Thursday, August 21, 2008

Lowering the Drinking Age: Ideas Can Hardly Get Worse Than This One

Now here's an idea -- Let's see if we can help reduce the terrible problems connected to excessive drinking among young adults (binge drinking, drunk driving, irresponsible sexual decisions, lowered performance at school and work, crime, and so on) by reducing the legal age at which you can purchase hard liquor.

Say what? You certainly must have messed that up, didn't you, Denny?

No, that's what's being offered as one of the primary solutions to underage drinking by backers of the Amethyst Initiative, a coordinated effort to lower the federal drinking age from 21 to 18. The Associated Press story on this campaign starts off by telling us that "College presidents from about 100 of the nation's best-known universities, including Duke, Dartmouth, and Ohio State, are calling on lawmakers to take up a national debate about lowering the drinking age, saying current laws actually encourage dangerous binge-drinking on campus."

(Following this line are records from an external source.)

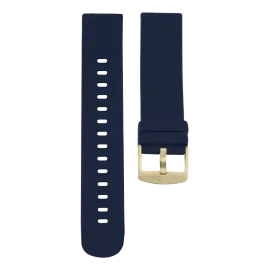 Dark blue OOZOO rubber strap with gold clasp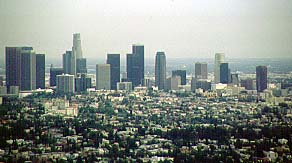 La downtown di Los Angeles vista dal Griffith Observatory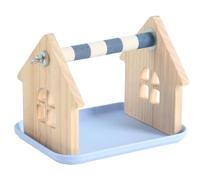 Gungtj Posaderos para Jaulas,Accesorios de Enriquecimiento Ambiental | Juguetes Masticables para Picos,para Agapornis, Canarios, Interiores,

Well, I'm afraid that opening line is dramatically misleading. For even with "about 100" college presidents on board for the Amethyst Initiative, that leaves more than 3,500 college presidents here in America who definitely are not. And even that "about 100 of the nation's best-known universities"? Once you get past the three mentioned (and Dartmouth hardly qualifies, does it?), you find out the other presidents are from such powerhouse(!) universities as "Middlebury, Smith, Syracuse, Mount Holyoke Trinity, Tufts, Colgate, Kenyon, and Morehouse." Best-known universities, huh?

And that bit about the "current laws actually encourage dangerous binge-drinking on campus"? Really? Pray tell, how?

Laura Dean-Mooney, national president of Mothers Against Drunk Driving, knows that lowering the drinking age would simply exacerbate the problems, not solve them. And so she not only denounces the Amethyst Initiative, she makes the logical inference that attendance at the party schools where these muddle-headed presidents preside might present dangers more easily escaped at other, more responsible colleges.

"It's very clear the 21-year-old drinking age will not be enforced at those campuses."

Others agree, including the parents of college kids. Note, for instance, this article from Forbes about a Nationwide Insurance survey just released. It should give great pause to politicians who might find themselves pressured by the bluebloods of the Amethyst Initiative. And it should also give great pause to those college presidents whose signing on to this silly and dangerous scheme could quite probably keep a few incoming freshmen from ever "incoming" at their school!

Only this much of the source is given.